Nello specifico, è sfavorevole a questo genere di informazione il 66,5% dei
giovani, il 79,4% degli adulti e il 73,8% dei consumatori oltre i 65 anni. Il
rapporto ha inoltre raccolto l'opinione dei consumatori italiani sull'effetto dei
cambiamenti climatici in relazione al vino. L'82,6% ritiene che il cambiamento
influirà la disponibilità e la produzione del vino, pur essendo fiducioso sulla
capacità dei produttori nell'affrontare la futura condizione climatica, anche in
termini di sostenibilità. L'84,4% dei consumatori italiani, infatti, ritiene che
il vino nazionale è associato alla sostenibilità. Lo sostiene l'79,4% dei
giovani, l'85,3% degli adulti e l'86,5% dei consumatori oltre i 65 anni.

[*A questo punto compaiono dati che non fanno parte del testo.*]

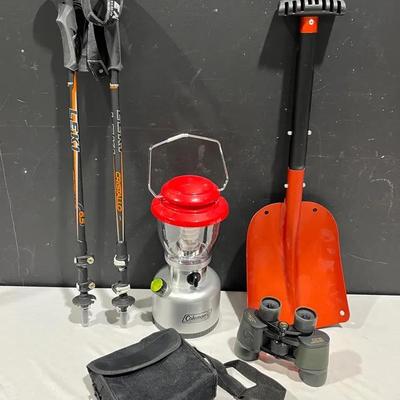 Camping Gear - Personal Coleman Lantern, Leki Trekking Poles, Avalanch Shovel, Gander Mt Binoculars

A quanto pare, l'interesse dei giovani per il vino non si limita esclusivamente
al calice. Secondo un'indagine svolta da Coldiretti, la conduzione di un vigneto,
quindi la produzione di vino, è fra le attività maggiormente ambite dai giovani
imprenditori con età inferiore ai 35 anni. Secondo lo studio di Coldiretti
– infatti – in Italia si contano oltre 5500 imprese vinicole gestite da giovani
con meno di 35 anni. La nuova generazione di vitivinicoltori, inoltre, sembra
essere particolarmente attenta e interessata alla sostenibilità ambientale,
veicolando e promuovendo il loro lavoro soprattutto attraverso i cosiddetti
canali delle reti sociali. Secondo l'indagine, i giovani produttori di
vino sono particolarmente attenti all'innovazione e oltre il 70% di questi
associa attività multifunzionali alla produzione di vino come enoturismo e
vinoterapia. Il fenomeno interessa maggiormente la Puglia, regione nella quale si
registrano oltre un sesto del totale di aziende condotte da giovani, seguita da
Veneto e Sicilia. Infine, secondo l'indagine di Coldiretti, la superficie dei
vigneti delle aziende condotte da giovani è superiore del 54% della media, oltre
a produrre un fatturato maggiore rispetto al 75% delle aziende vinicole,
impiegando il 50% in più di personale rispetto alla media. Questi dati dipingono
un futuro del vino
più florido di quanto non fosse qualche tempo fa, con nuove generazioni che
mostrano ancora interesse per questo settore oltre alla consapevolezza di consumi
moderati e pratiche sostenibili per il clima.